DATA SECTION:
==========

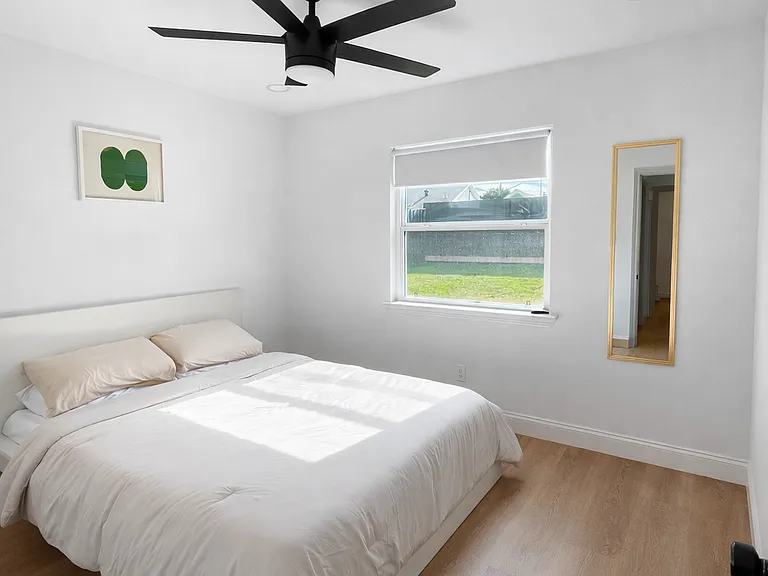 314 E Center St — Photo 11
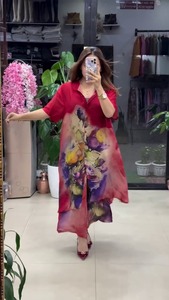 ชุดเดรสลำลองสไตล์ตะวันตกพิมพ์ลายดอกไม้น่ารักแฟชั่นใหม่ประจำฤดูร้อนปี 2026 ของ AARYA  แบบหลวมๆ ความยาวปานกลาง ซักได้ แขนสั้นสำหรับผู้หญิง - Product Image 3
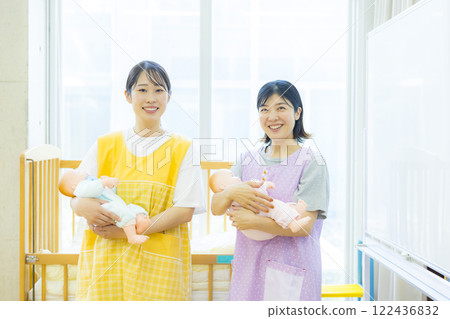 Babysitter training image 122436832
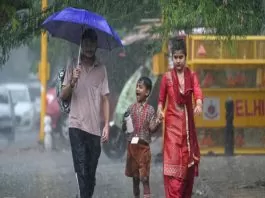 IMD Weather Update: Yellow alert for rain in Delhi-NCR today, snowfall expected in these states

==========

PROBLEM:
Retype the entire listing exactly as it appears, dropping only the pictures.

ANSWER BELOW:
 314 E Center St — Photo 11
 ชุดเดรสลำลองสไตล์ตะวันตกพิมพ์ลายดอกไม้น่ารักแฟชั่นใหม่ประจำฤดูร้อนปี 2026 ของ AARYA  แบบหลวมๆ ความยาวปานกลาง ซักได้ แขนสั้นสำหรับผู้หญิง - Product Image 3
 Babysitter training image 122436832
 IMD Weather Update: Yellow alert for rain in Delhi-NCR today, snowfall expected in these states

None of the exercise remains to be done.